June 25, 2022 Sarah Raspin

This week I climbed the highest mountain in England; it is the first mountain I have climbed alone, having always had a guide with me before. You can learn a lot about yourself and about life when you're climbing up a great big hill.

I set off with map in hand, but soon lost the path (on the way back I couldn't understand how this could have happened, it's ridiculous! The path is obvious and right there, about four feet wide!) and so I found myself scrambling up a lush, green, wet and flower-strewn hillside very much on my own. I had already decided to climb the mountain from Wasdale Head, by no means a hidden track, but certainly not so populated as if you climb from Langdale. This is what I call finding my own path, the one less travelled, but what I think my mother would call, 'making life difficult.' I was following a stream, expecting it to originate from two separate streams at some point as my map indicated, but it never did.
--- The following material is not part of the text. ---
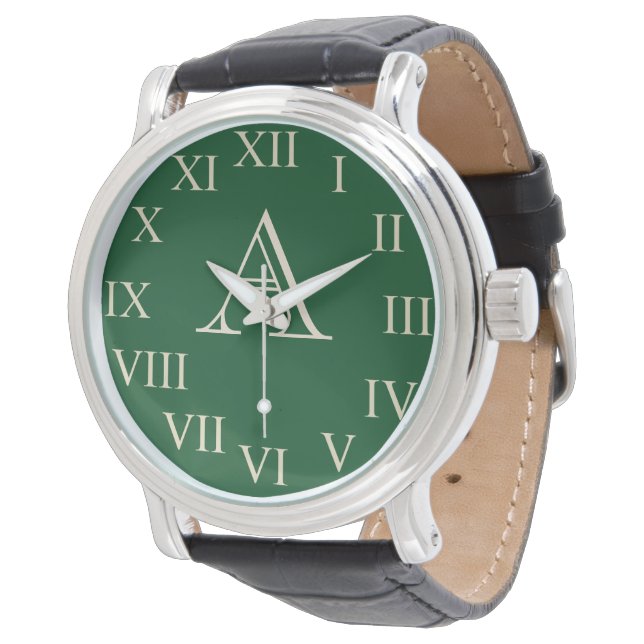 Grönt Manar Personlig Monogram Watch Armbandsur (Vinklad)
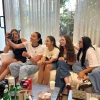 Israeli actress Gal Gadot (second from left) meets with freed Hamas hostages Doron Steinbrecher, Liri Albag, Naama Levy, Moran Stella Yanai and Ilana Gritzewsky, July 22, 2025. Credit: Hostages and Missing Families Forum.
It was very steep and on a warm day, quite hard going. The dog at least was happy on this route, plunging in and out of the rushing water to keep himself cool.

I looked up; I couldn't see the way. I was expecting a path and other people to be there with me, I had been told by friends that you are never alone on Scafell, but I hadn't seen anyone else since the very lowest part of my climb. I was worried, benign as the day was, I was brought up by my father with enough knowledge to know that you should never take your safety on a mountain for granted. I couldn't know if I was going the right way except to say that I was definitely going up.

It was the crags that had first got me spooked; from Wasdale Head Pulpit Rock and Pikes Crag loom terrifyingly black and sinister at the top of the first ascent, intimidating even on a lush summer's day, perhaps more so then, when they stand in such stark contrast to the wealth of green at the foot of the mountain. I knew from my map that I would have to go round those crags to reach the summit. It did seem such a long and unnerving way to go.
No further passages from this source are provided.